【21-03】混成文化再発見
2021年03月03日
王敏(Wang Min):拓殖大学・昭和女子大学客員教授
法政大学名誉教授
国立新美術館評議委員
治水神・禹王研究会顧問
日本アジア共同体文化協力機構参与
日中そして日本文化と世界の角度から日本文化の性格と特質を追究していくと、青木保という文化人類学者の学説に辿り着きます。後に文化庁長官もお務めになられた青木保先生が、日本文化の特質を「混成文化」という定義で提示されました。この日本文化の特徴に対する日本人による指摘は、今から約30年前に生まれたものの、日本人自身にはそれほど認識されることなく、また検討もされていないと思われます。無論、そもそも「混成文化」の意味についてあまり注意が払われず、考察も足りないような気が致します。
「混成文化」を言い換えれば、ミックス文化とも理解されます。では、なぜ「混成」という言葉を使ったのか。青木先生によれば、老子の『道徳経』から抽出して充てたそうです。『道徳経』の中には、万物共生という意味での「万物混成」という概念が提示されています。青木先生は岩波書店から発刊された『多文化世界』という本の中で、この言葉を日本文化の特質として活用し、世界に向けて「混成文化」の日本を発信し始めました。

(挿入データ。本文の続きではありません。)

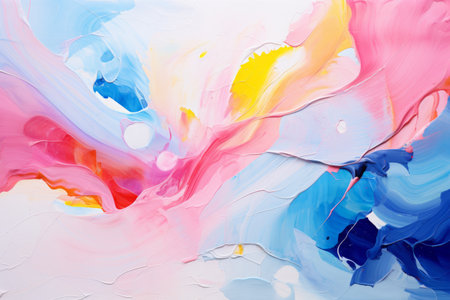 Vibrant Splash: A Colorful Abstract Paint on White Canvasの素材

それではどことどこの「混成」なのでしょうか。もちろん、特に、明治維新以来戦後に至る日本は、主に西洋文化との「混成」をしてきましたが、それ以前には、中国の伝統文化と中国経由の仏教文化と、東アジアの文化との「混成」が、千年単位の蓄積を経て日本文化の基層部を構築していました。外部から見れば、それは生活化されていました。よって、日本人には意識も言語化もされず、生活全般に溶けこんだ当たり前の日常として、伝承して現在に至っています。恐らく、日常化・生活化されるものほど頑固なものはないでしょう。混成文化の特徴も不動の如く、今後も存続されていくでしょう。
では「混成文化」の現存形態が現代社会の発展に対して、どれほど有用な価値があるのか、その意義はどのように評価、検証されるものなのかを考えていきたいと思います。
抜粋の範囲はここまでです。